> [What to do]: Write the records below out in full, character for character, with no pictures.

_ _ _

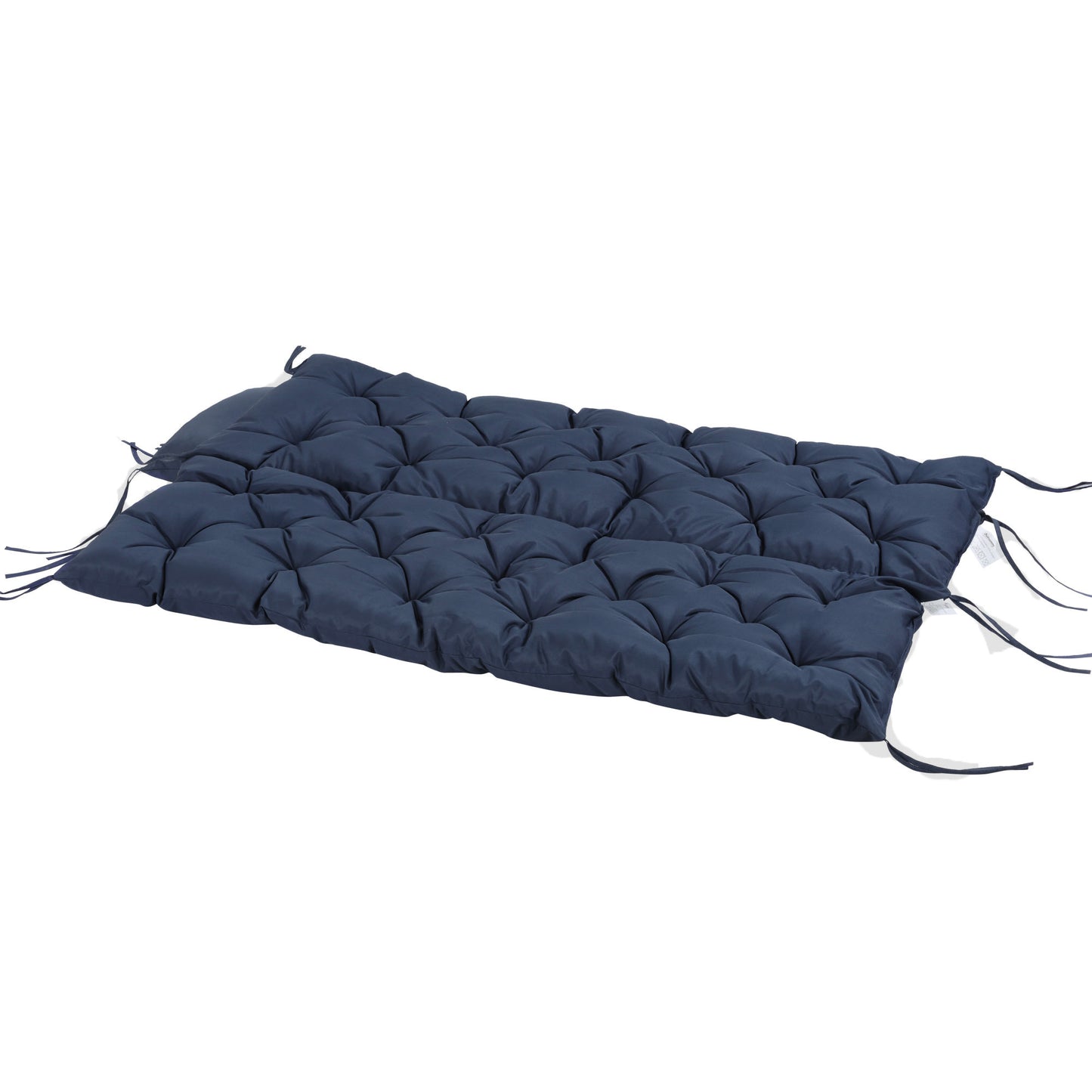 59" x 38" Tufted Outdoor Bench Cushion - Dark Blue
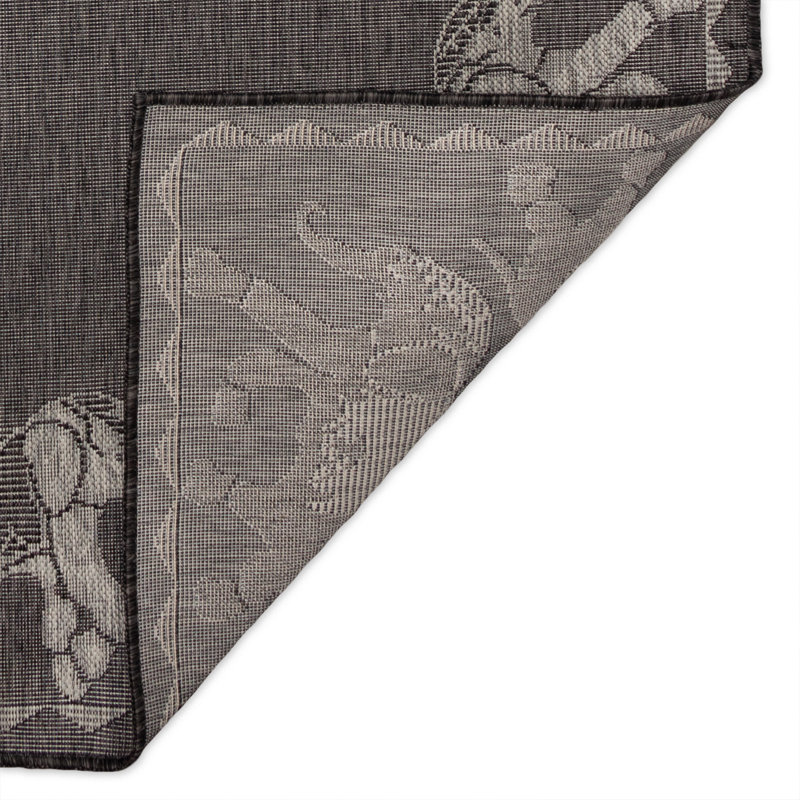 Humberto Marching Elephants Indoor/Outdoor Area Rug, Runner 1'11" x 7'6"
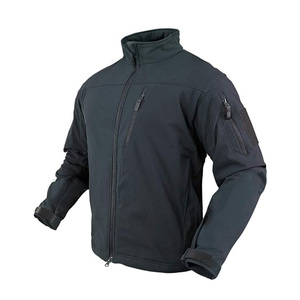Veste softshell pour homme en polyester OEM, capuche réglable, vêtements de sport, respirante, durable, veste d'extérieur - Product Image 1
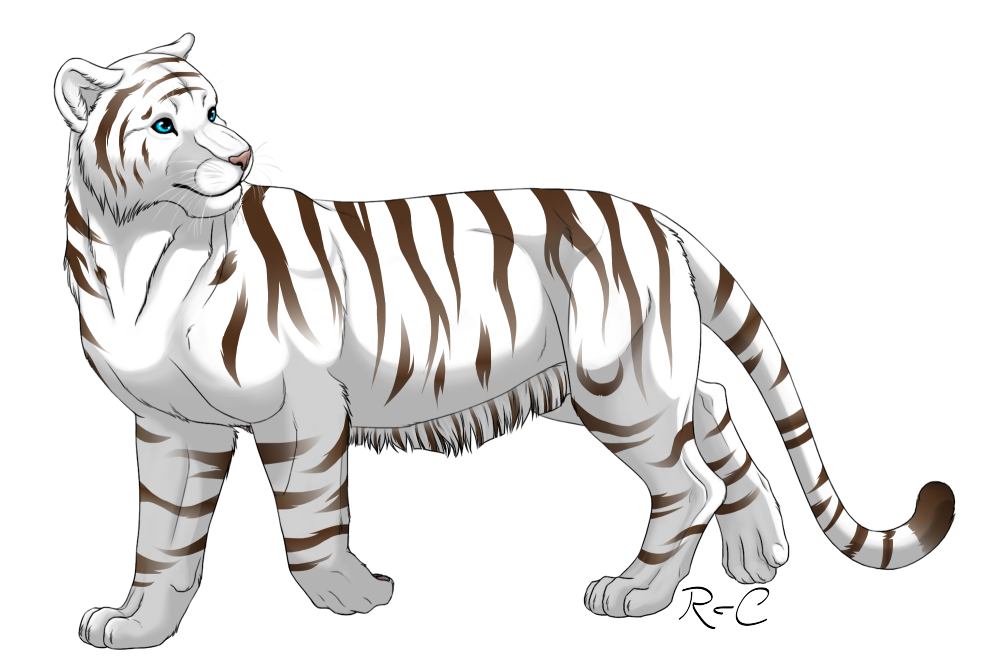 White Tiger by DarkRika on DeviantArt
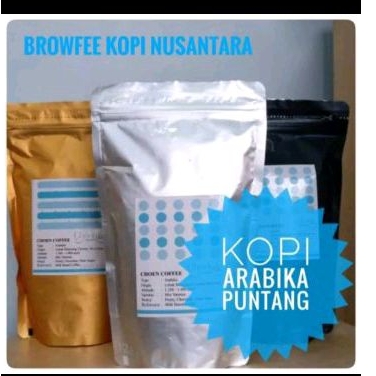 

Kopi Arabika Puntang Full Wash Biji / Bubuk 1 kg Roastbean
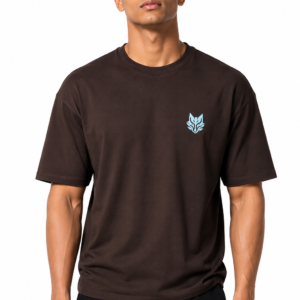 Blake Essence Brown Oversized T-Shirt Premium – Front View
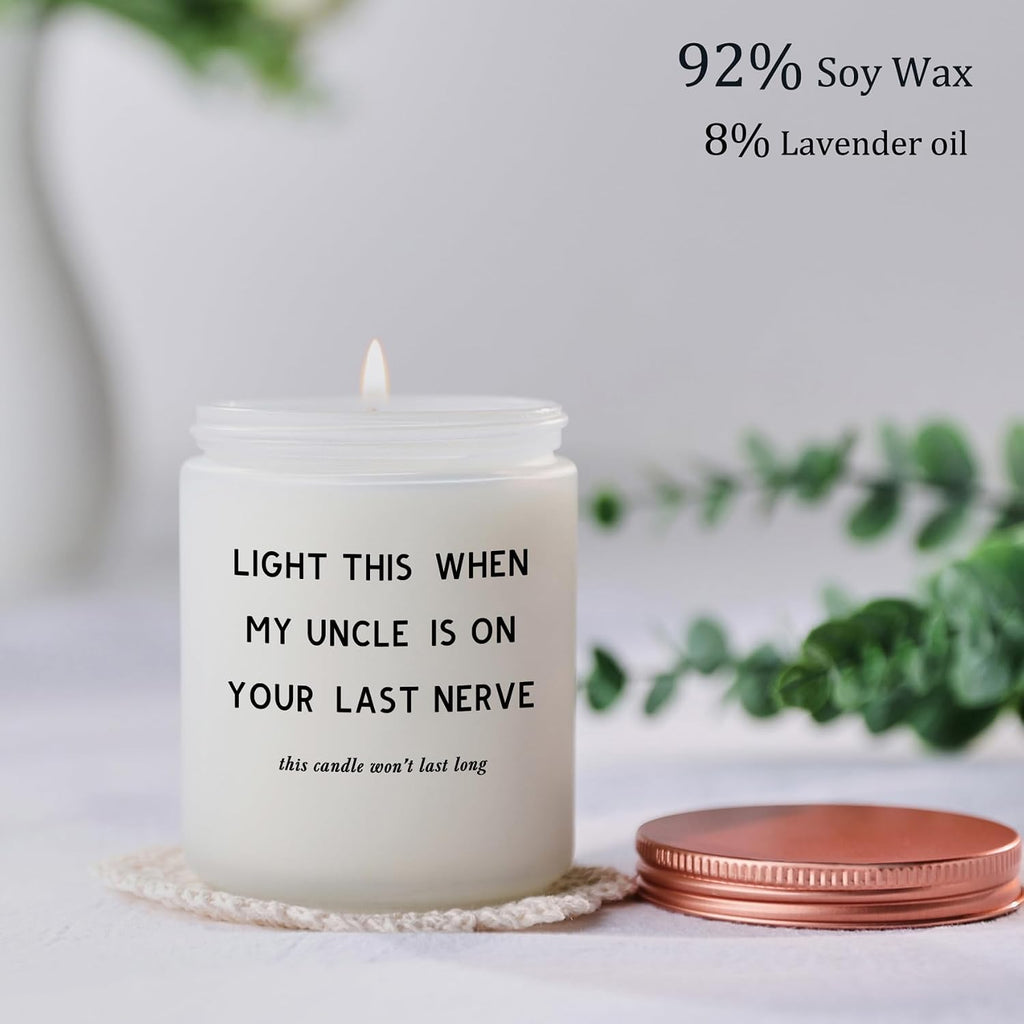 Funny Aunt Gift Ideas - Mother’s Day Gifts for Aunt, Humor Birthday Gifts for Auntie Future New Aunt Candle Present from Niece or Nephew, Best Aunt Ever Gift
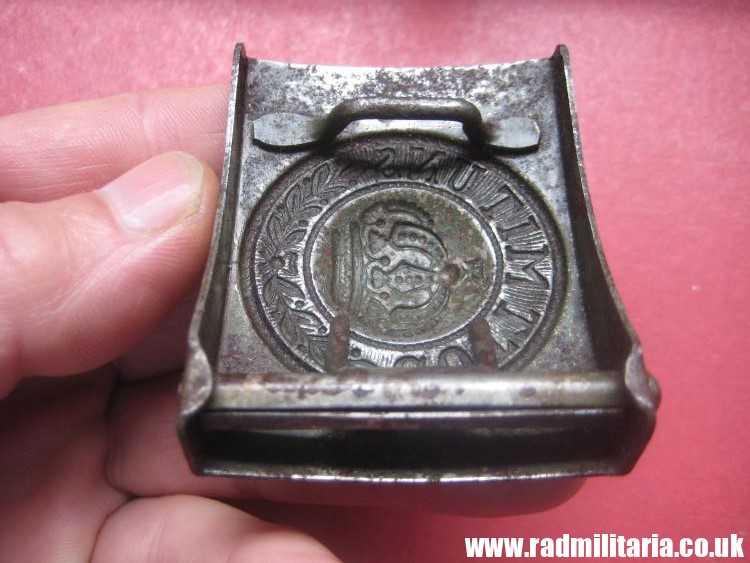 & WW1 German BELT BUCKLE made of steel - GOTT MIT UNS, 100% genuine - as found. - Image 8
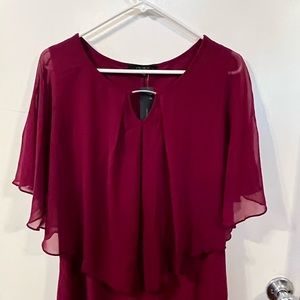 Beautiful airy burgundy blouse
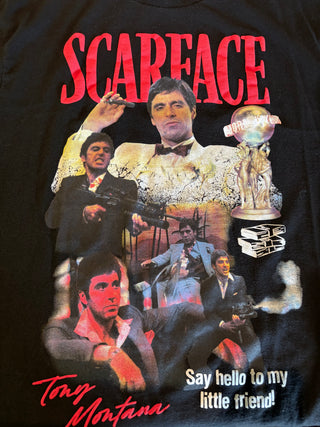 Scarface Tony Montana T-Shirt, Black, XL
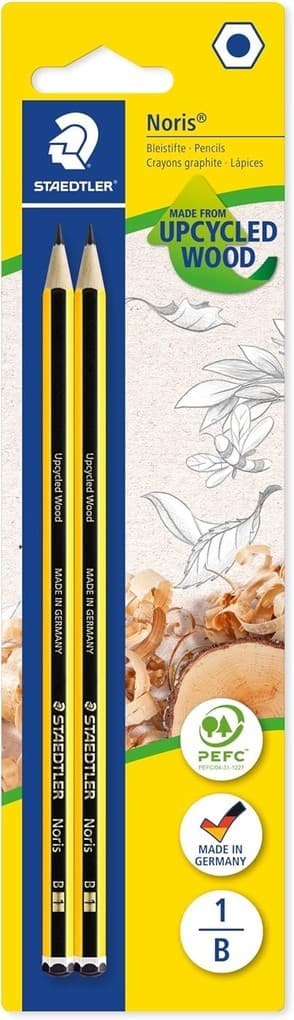 STAEDTLER Bleistift Noris Härtegrad B, 2er Set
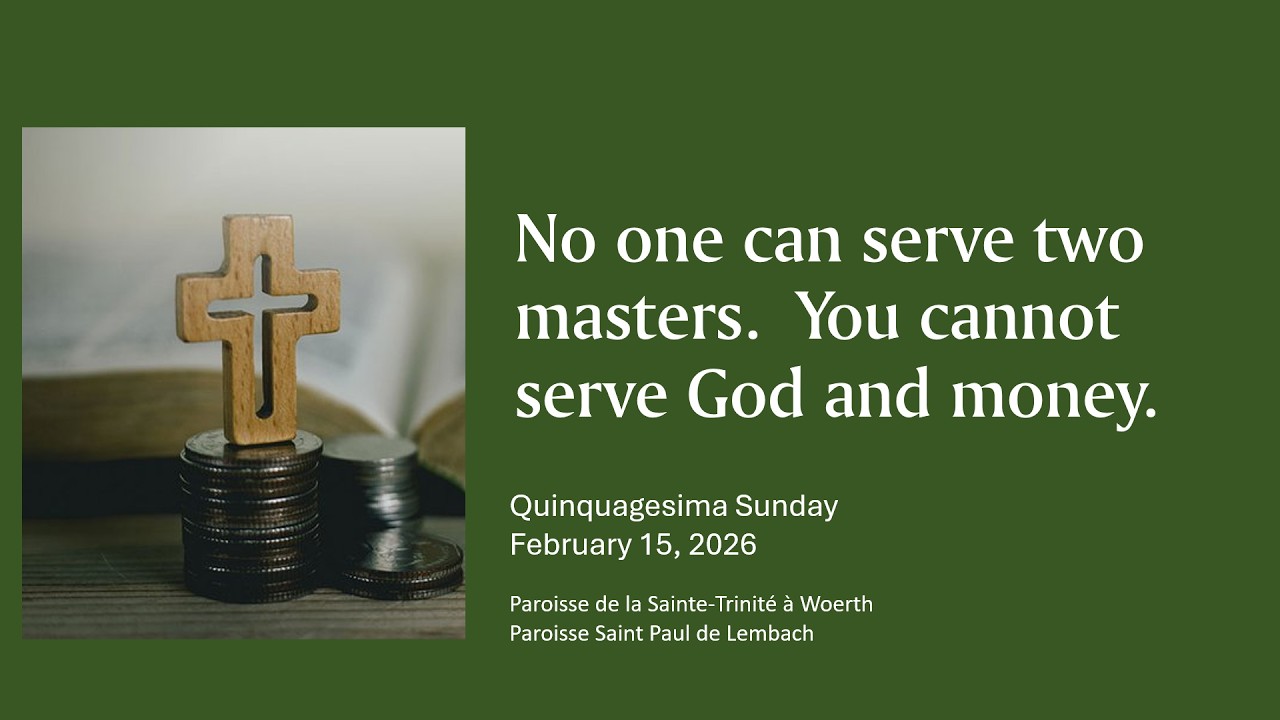 No One Can Serve Two Masters. You Cannot Serve God and Money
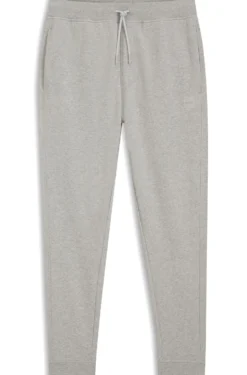 Jogginghose aus Baumwoll-Terry mit Logo-Aufnäher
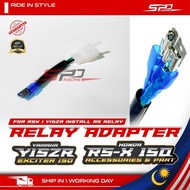 Relay Adapter For RSX I Y15ZR Install RS Relay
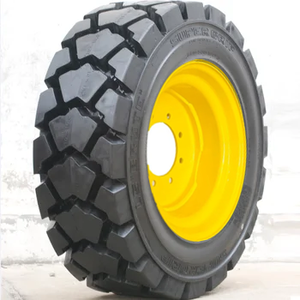 Ban Pneumatik Tubeless Berkualitas Tinggi 12-16.5 <span class=keywords><strong>Bobcat</strong></span> Skid Steer Solid Loader untuk Ban Wheel Loader - Product Image 1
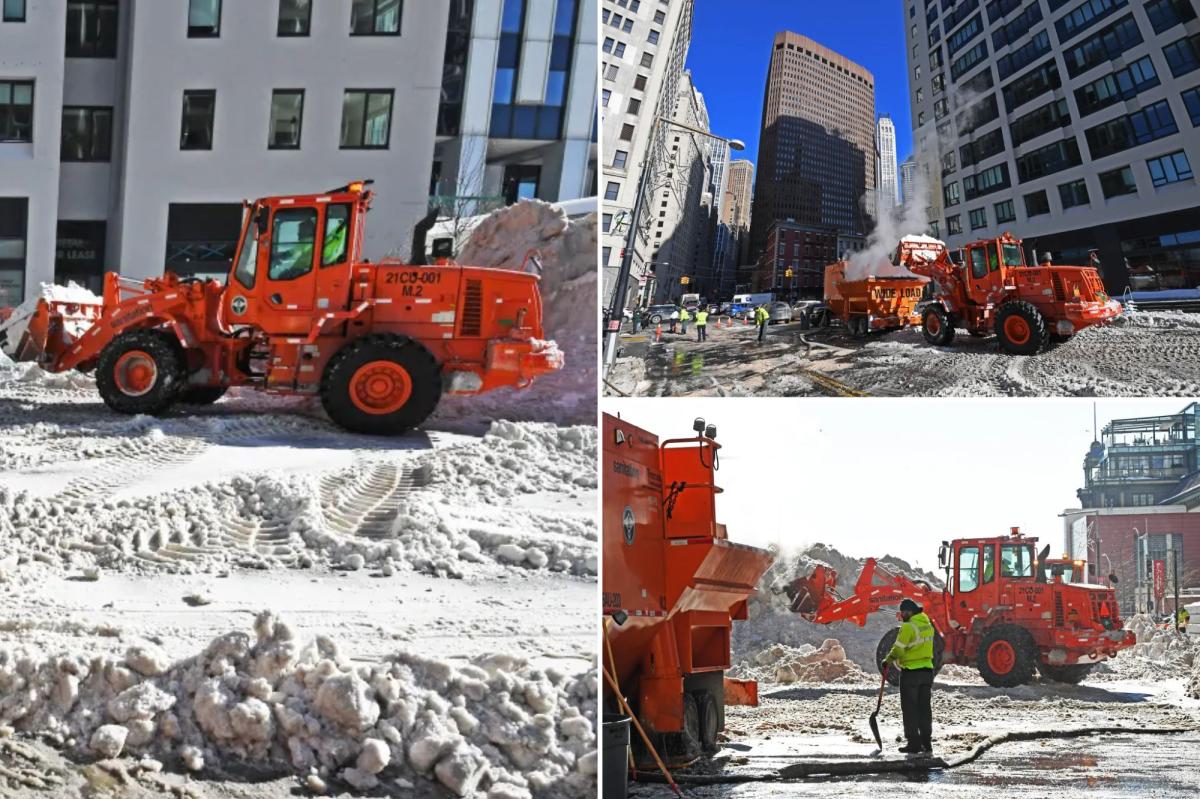 NYC rolls out huge ‘hot tubs’ to melt snow after whiteout winter storm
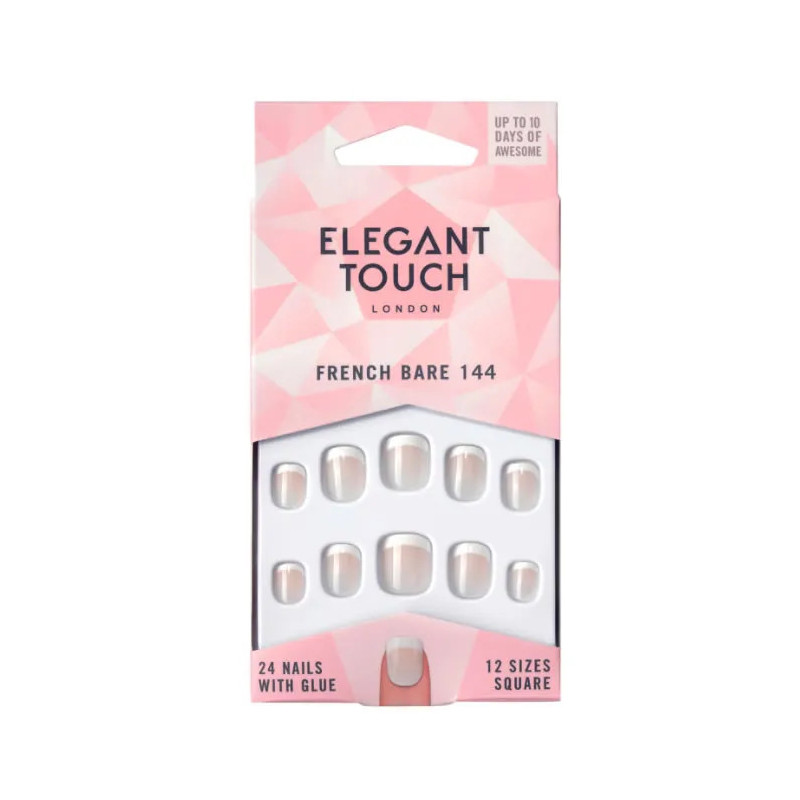 Elegant Touch Natural French Bare 144 XS - Ongles Parfaits Kermatone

_ _ _

> [Response for this exercise]:
 59" x 38" Tufted Outdoor Bench Cushion - Dark Blue
 Humberto Marching Elephants Indoor/Outdoor Area Rug, Runner 1'11" x 7'6"
Veste softshell pour homme en polyester OEM, capuche réglable, vêtements de sport, respirante, durable, veste d'extérieur - Product Image 1
 White Tiger by DarkRika on DeviantArt

Kopi Arabika Puntang Full Wash Biji / Bubuk 1 kg Roastbean
 Blake Essence Brown Oversized T-Shirt Premium – Front View
 Funny Aunt Gift Ideas - Mother’s Day Gifts for Aunt, Humor Birthday Gifts for Auntie Future New Aunt Candle Present from Niece or Nephew, Best Aunt Ever Gift
 & WW1 German BELT BUCKLE made of steel - GOTT MIT UNS, 100% genuine - as found. - Image 8
 Beautiful airy burgundy blouse
 Scarface Tony Montana T-Shirt, Black, XL
 STAEDTLER Bleistift Noris Härtegrad B, 2er Set
 No One Can Serve Two Masters. You Cannot Serve God and Money
 Jogginghose aus Baumwoll-Terry mit Logo-Aufnäher
 Relay Adapter For RSX I Y15ZR Install RS Relay
 Ban Pneumatik Tubeless Berkualitas Tinggi 12-16.5 <span class=keywords><strong>Bobcat</strong></span> Skid Steer Solid Loader untuk Ban Wheel Loader - Product Image 1
 NYC rolls out huge ‘hot tubs’ to melt snow after whiteout winter storm
 Elegant Touch Natural French Bare 144 XS - Ongles Parfaits Kermatone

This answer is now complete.